One of the difficulties for local authorities as part of the BDUK projects is identifying what commercial services are planned over the next few years and avoiding duplication of effort. With the increase in the number of commercial FTTB/H projects there is a distinct possibility that some new commercial operators may have as yet undisclosed plans for an estate/development that current is in the BDUK remit.
Warwickshire has just moved into its Open Market Review phase that runs until 26th October 2012, which is the precursor to the full public consultation and bid submission and final announcement of the winner. The main website for the project is www.cswbroadband.org.uk.
An interesting insight into the situation in Warwickshire is available in another document Moving to Superfast Broadband 2011-2015. This document provides a summary of what the council already knows with respect to broadband in the area, and explores some of the possible options. In terms of problem areas three locations are highlighted, Alscot Estate which is a rural business park where backhaul is expensive, the village of Bubbenhall comprising 600 homes which has poor ADSL/ADSL2+ due to the distance to the exchange and an old TPON area Warwick Gates.

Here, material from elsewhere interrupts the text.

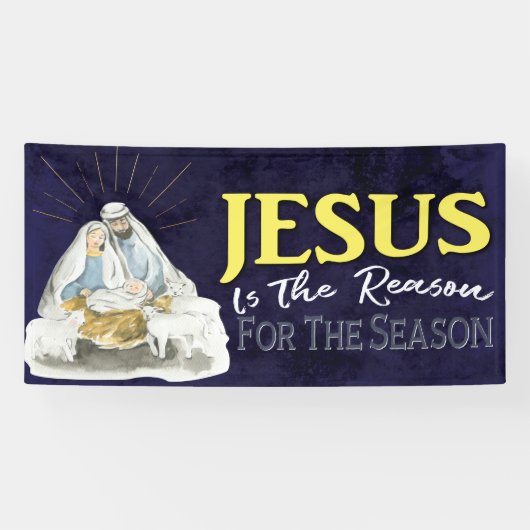 Jesus Is The Reason Nativity Christmas Church Banner (Horizontal)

TPON was at one time seen as the future, but proved to be a dead-end, Openreach has rolled out FTTC to the estate in 2011, but has only enabled 4 of the 6 cabinets leaving 393 homes without access to FTTC and stuck on an 1 to 3 Mbps ADSL service (cabinets 112 - Glendower Approach/Jourdain Park and cabinet 124 Miranda Drive, Bolingbroke Drove).a
The problem facing all local authorities is that while full fibre to the premises is easy to identify as the gold standard solution, when estimates of actual delivery costs are mentioned of £250 to £750 for fixed wireless, £1000 to £1500 for community delivered FTTH/P and £5,000 to £10,000 per connected premises for traditional telco fibre, the £100 per home subsidy from the BDUK looks very small.